Fairly rare I agree although someone could do a 'drbdadm detach' and
then 'drbdadm attach' -- that's how we hit this situation (and the
reason for THAT is as a way to test errors on meta-data reads)

Given that there is no real boundary on the lifetime of a request in the
TL, it's also feasible (although unlikely I agree) that a disk could
fail and be replaced and reattached whilst an old request is still in
the TL...

> > I think this might work but only as a side effect -- if you look
back
> to
> > the sequence I documented, you will see that there has to be a write
> > request to the same AL area after the disk is reattached - this is
> > because drbd_al_complete_io quietly ignores the case where no active
> AL
> > extent is found for the request being completed.
> 
> huh?
> I simply disallow re-attaching while there are still requests pending
> from before the detach.
> no more (s & RQ_LOCAL_MASK), no more un-accounted for references.
> 

Yes but those requests that have unaccounted references from before the
detach are still in the TL -- it so happens that the code does not crash
in this case (completing a request in the TL when there is no matching
AL cache entry) but that's not very safe I think.

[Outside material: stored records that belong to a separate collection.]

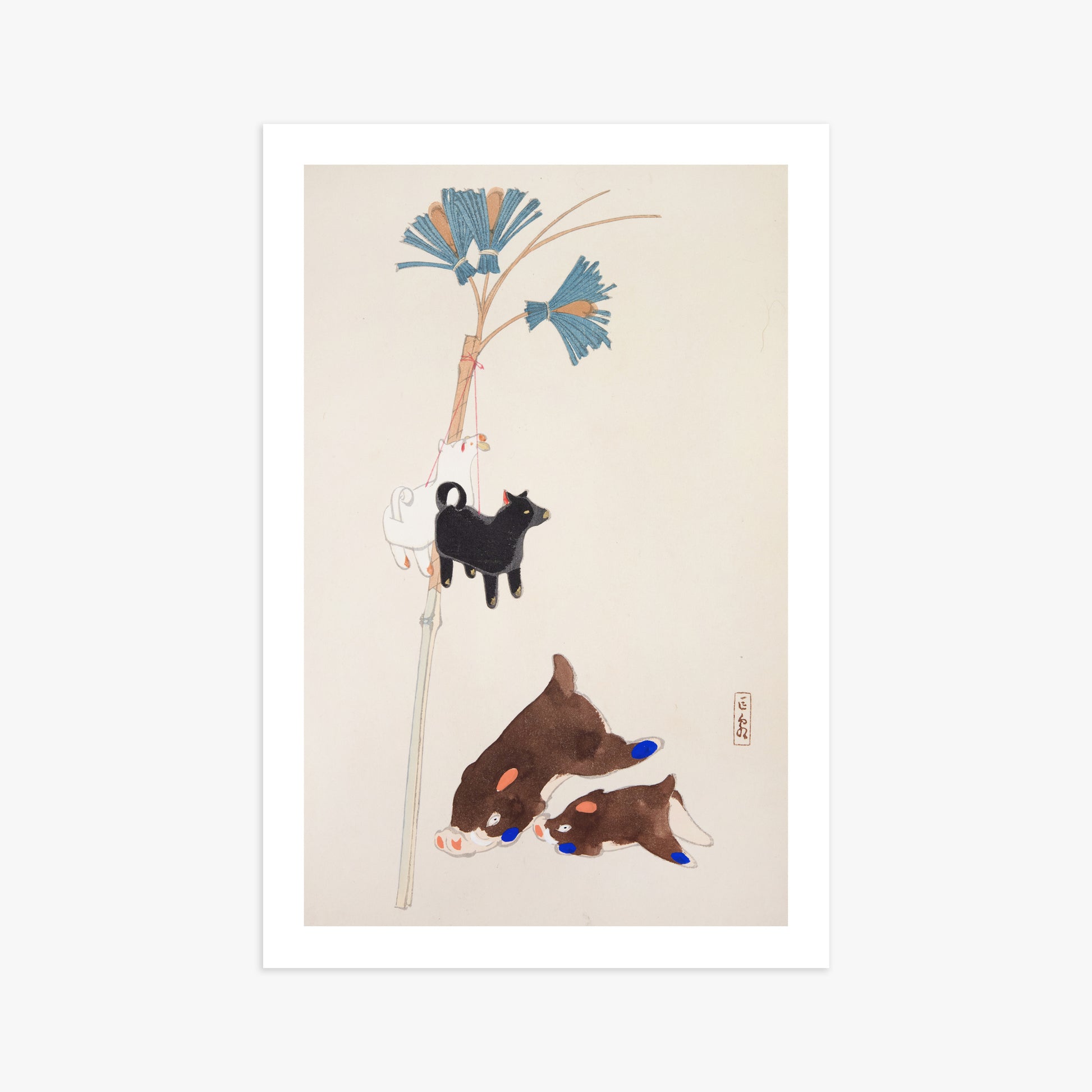 Kawasaki Kyosen: Kyosen’s Collected Illustrations of Japanese Toys Nr. 2 ("Japanese Festival Trinkets"), 61x91cm Art Reproduction Unframed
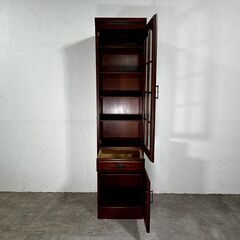 『karimoku』カリモク コロニアル ハイチェスト スリムチェスト スリムカップボード チェスト カップボード 飾棚 飾り棚 RWche12の画像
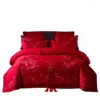 Yatak Setleri Loong Phoenix Nakış Çin Düğün Saf Kırmızı Tasseller Pamuk Seti 4/6/8 PCS Yorgan/Yorgan Yatak Tabağı Yastık Kılıfı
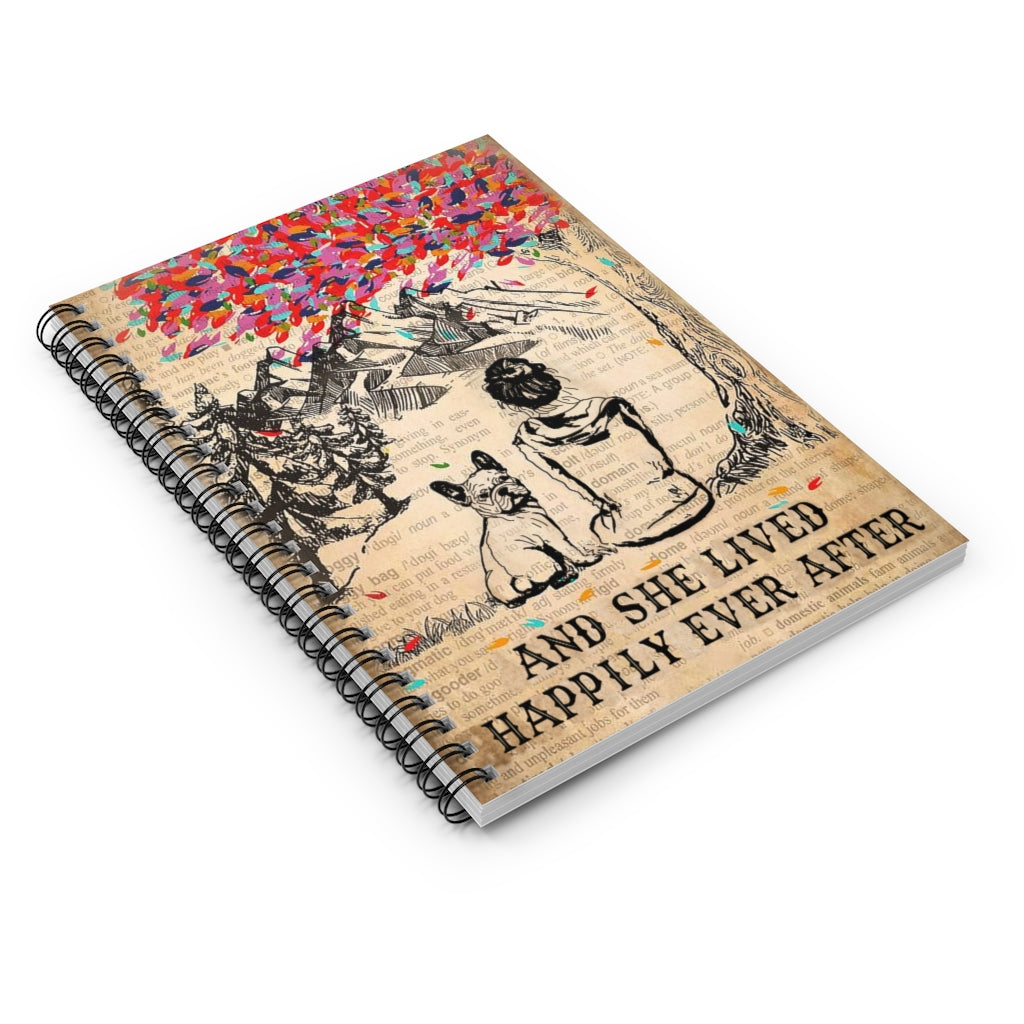 Inspirational Dictionary Girl Happily Ever French Bulldog - Poster de pared con dissent de bulldog Frances Spiral Notebook - Ruled Line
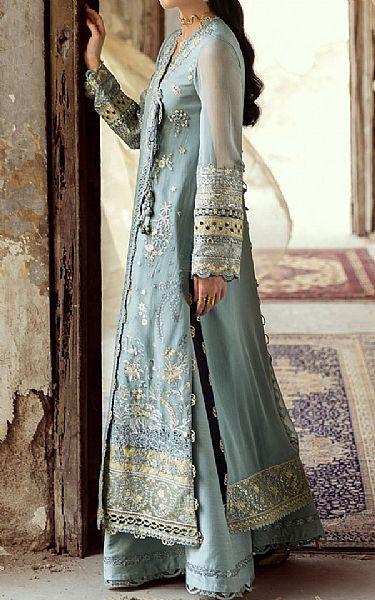 Qalamkar Cadet Grey Chiffon Suit | Pakistani Embroidered Chiffon Dresses USA- Image 2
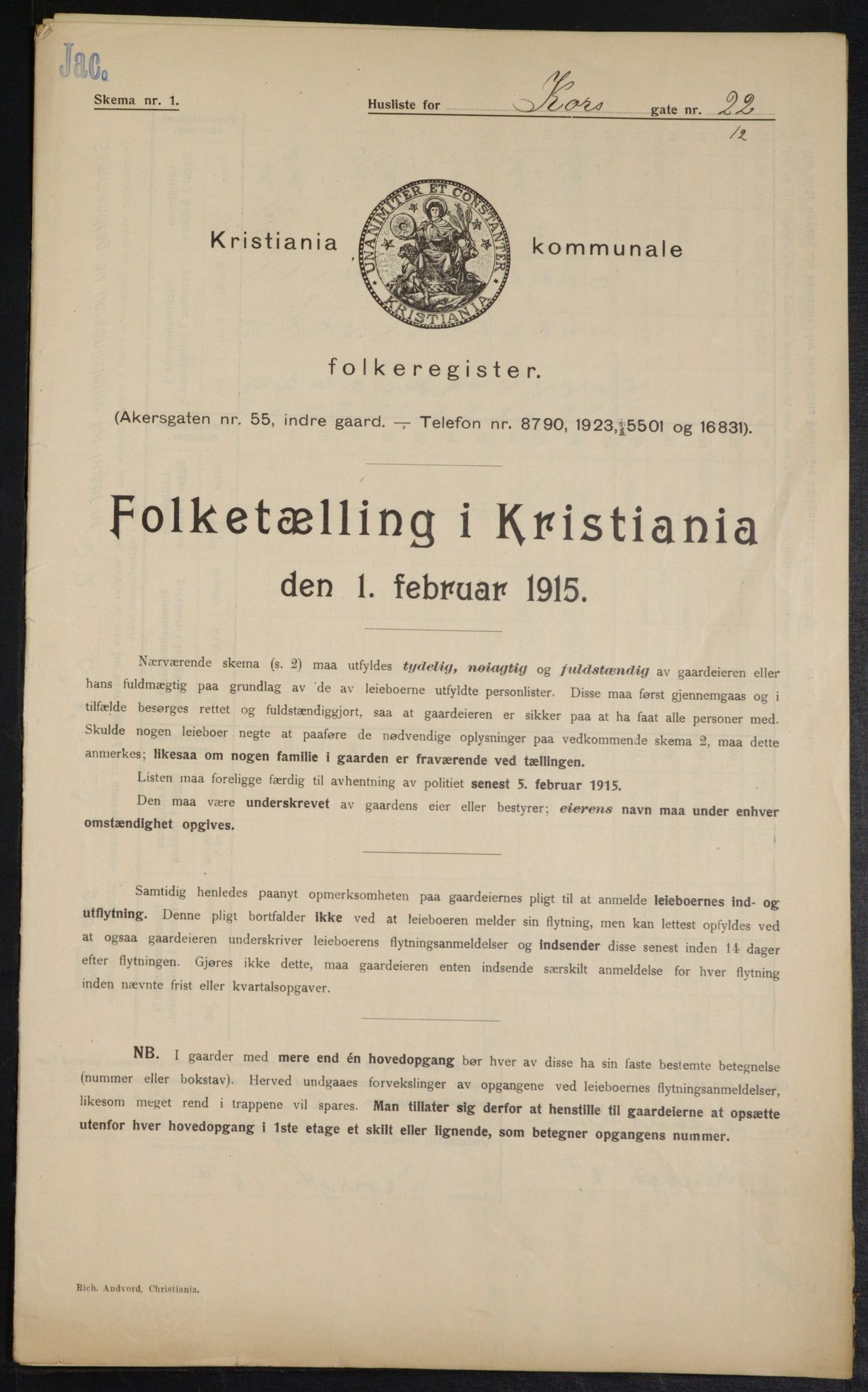 OBA, Municipal Census 1915 for Kristiania, 1915, p. 53148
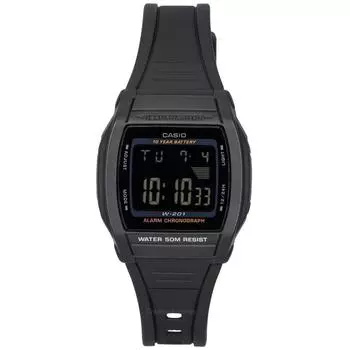 Casio Digital Sports с полимерным ремешком, кварцевые мужские часы с черным циферблатом W-201-1B чёрный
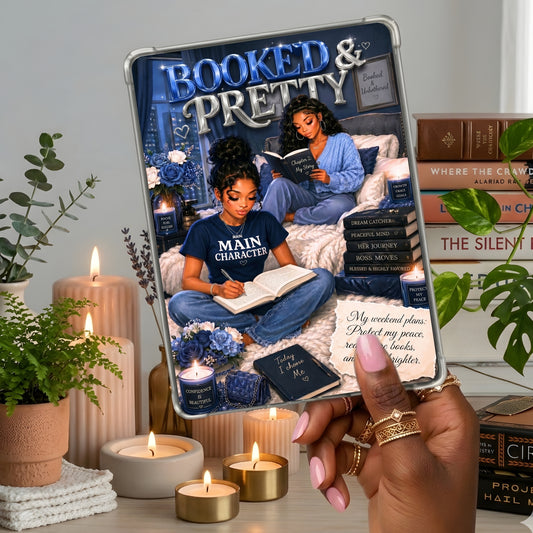 Bubble Letter Royal Blue Black Girl Reader shown on a handheld eReader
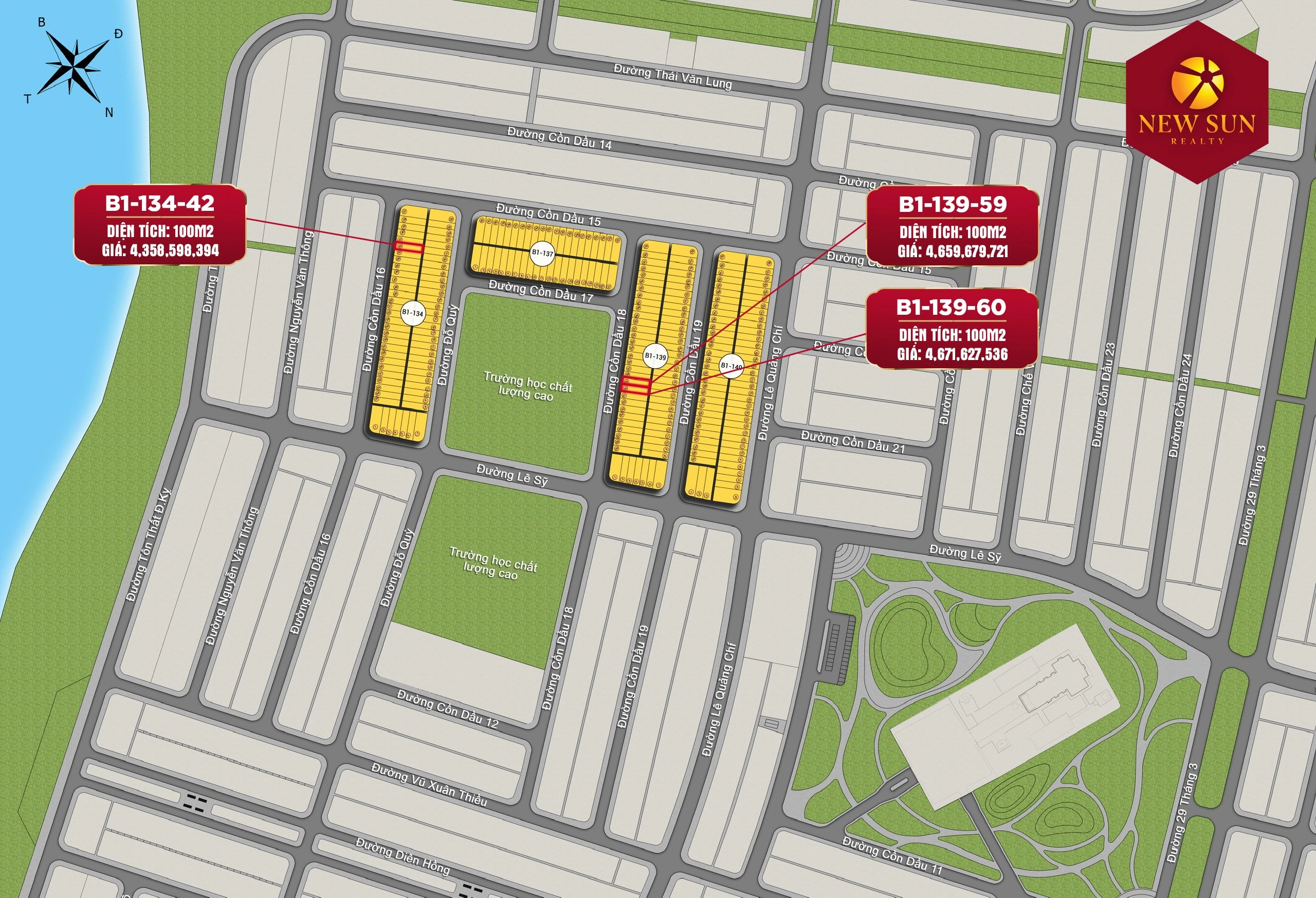 Mặt bằng điển hình phân khu Cồn Dầu Hòa Xuân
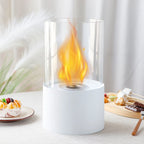 11.4"H  Round Portable Tabletop Fireplace(white)-1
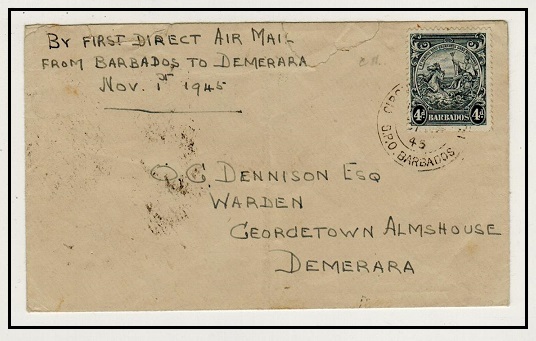 BARBADOS - 1945 first flight cover to British Guiana.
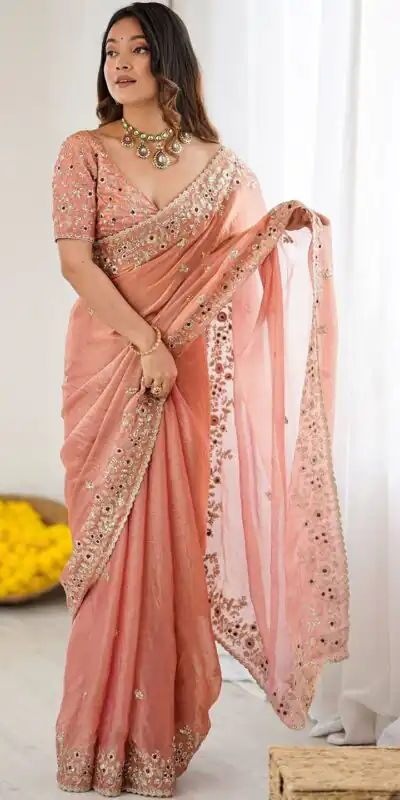 Peach Fandy Chiffon Embroidery Cut Work Saree | Sarees, Bollywood Sarees, Creative Sarees, Designer Sarees, Embroidered Sarees, Ethnic Saree, Modern Digital sarees, Party Wear Sarees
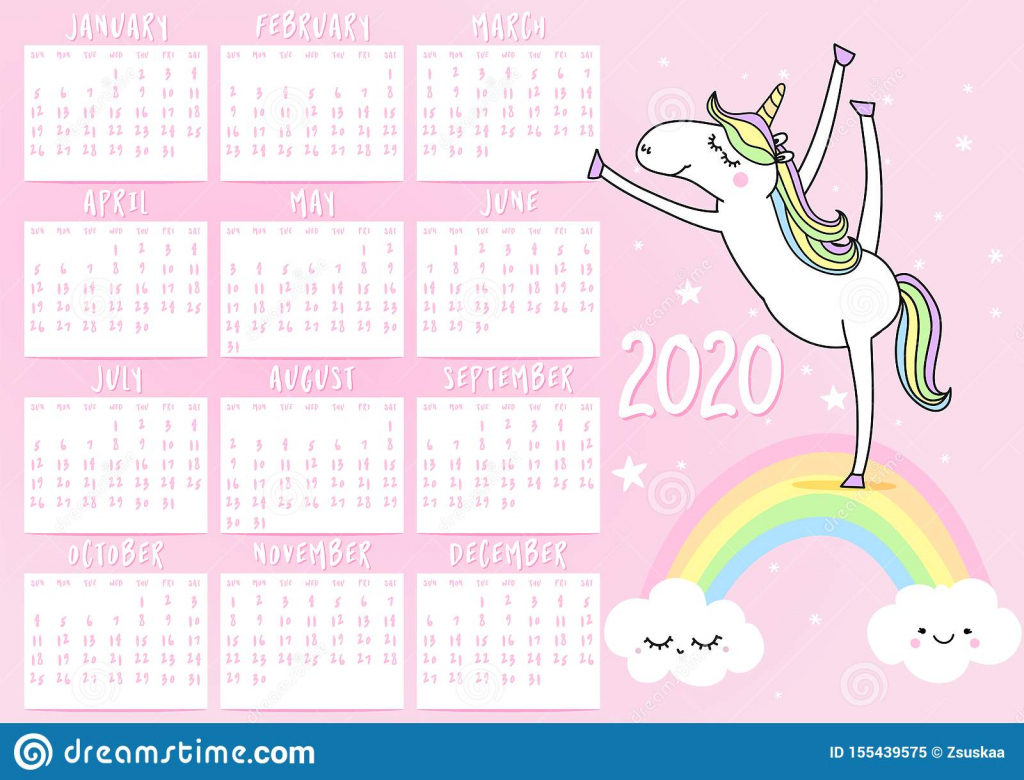 unicorn calendar for 2020 year stock vector illustration printable monthly calendar 2020 with my little ponies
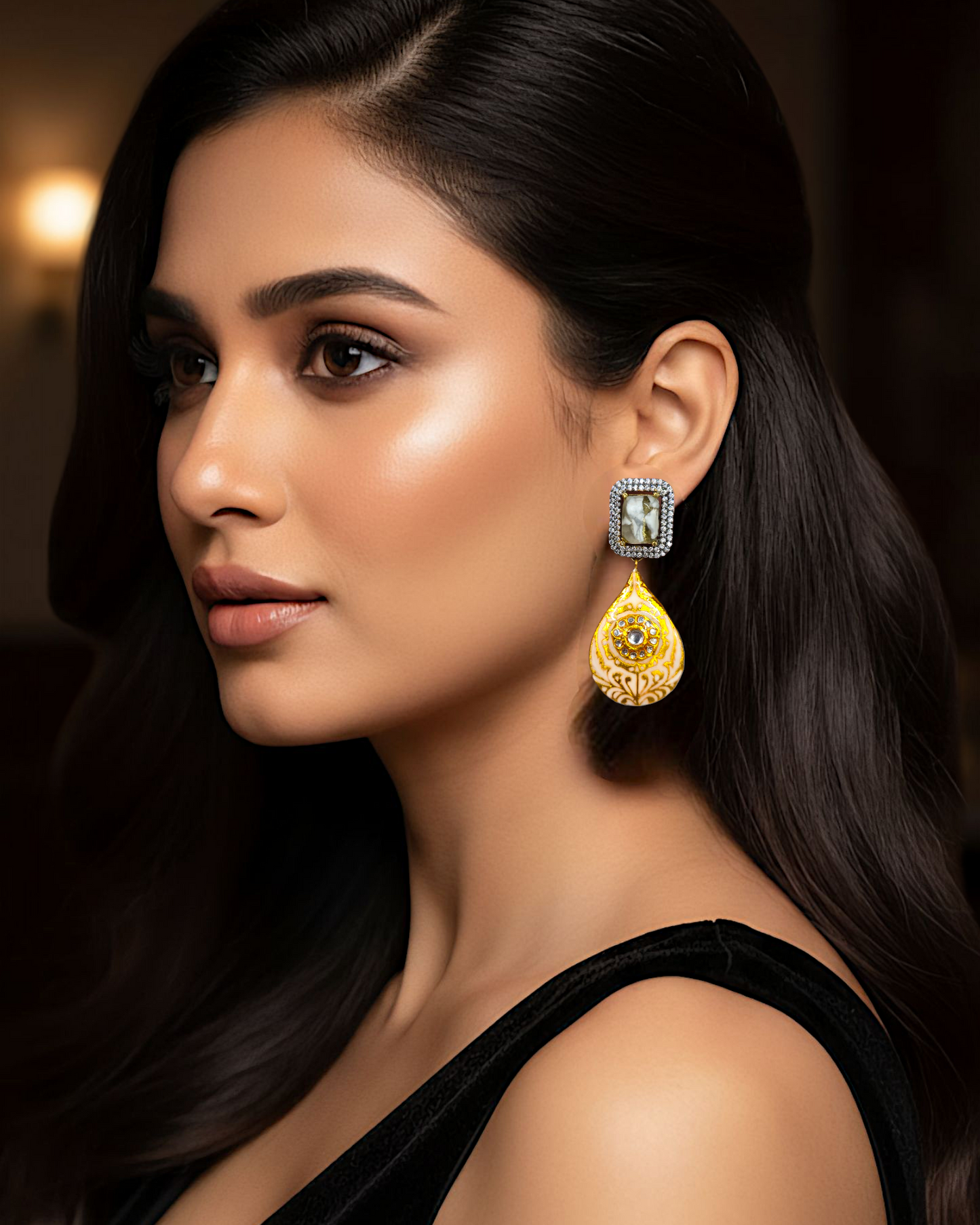 Azure Ivory Meena Drops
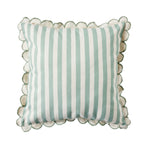 Coussin d'extérieur rayé à bord festonné 45x45cm Vert tendre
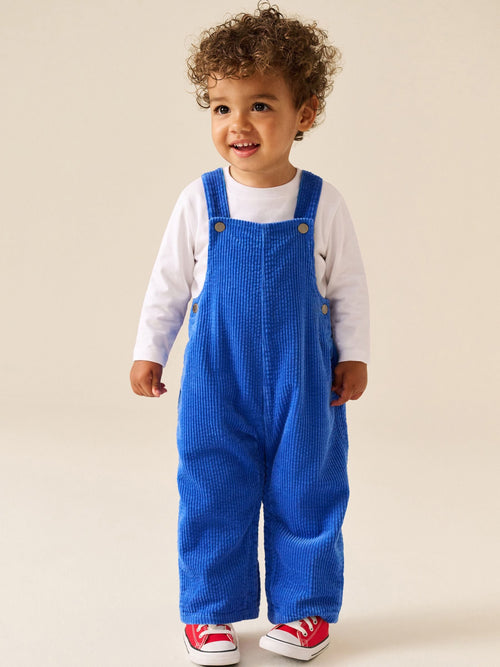 Cobalt Blue Wide Fit Textured Corduroy Dungarees (3mths-7yrs)
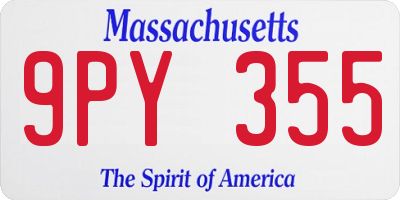 MA license plate 9PY355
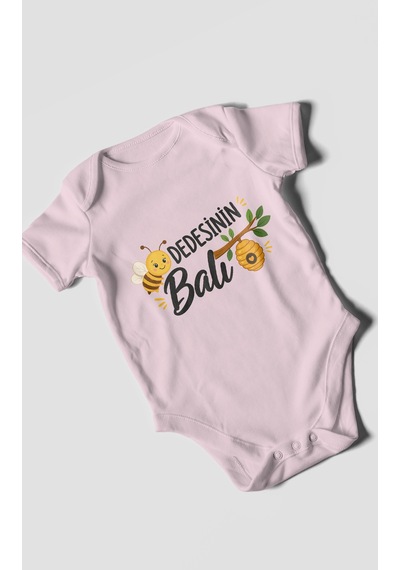 Morivokids Dedesinin Balı Kısa Kollu Bebek Body %100 Pamuk Bebe Pembe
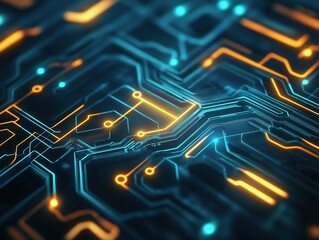 Aufkleber - A vibrant circuit board design featuring glowing lines and nodes, showcasing a futuristic technology aesthetic.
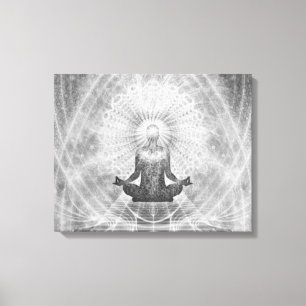 Toile "MÉDITATION" Yoga Pose MINIMALISTE gris argenté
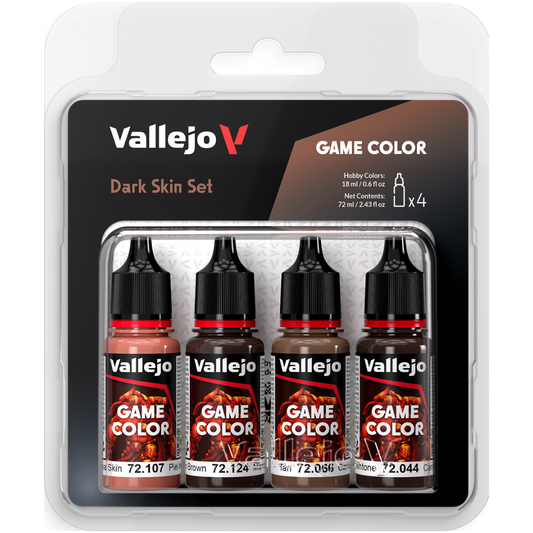 Vallejo Game Color Dark Skin Set of 4 acrylic paints for miniature painting and character skin tones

You also have to trigger a barrier as part of this -- not only block new
requests during attach until the TL is empty but also trigger a barrier
so that the TL will be emptied...

Both of these are why I like the idea of "reconnecting" the requests in
the TL to the AL cache when doing an attach...

> if I understand correctly,
> you can reproduce this easily.
> to underline my point,
> does it still trigger when you do
>  "dd if=/dev/drbdX of=/dev/null bs=1b count=1 iflag=direct ; sleep 5"
> before the re-attach?

So, the real test is to do this _before_ the DETACH, then see what
happens when the requests are removed from the TL.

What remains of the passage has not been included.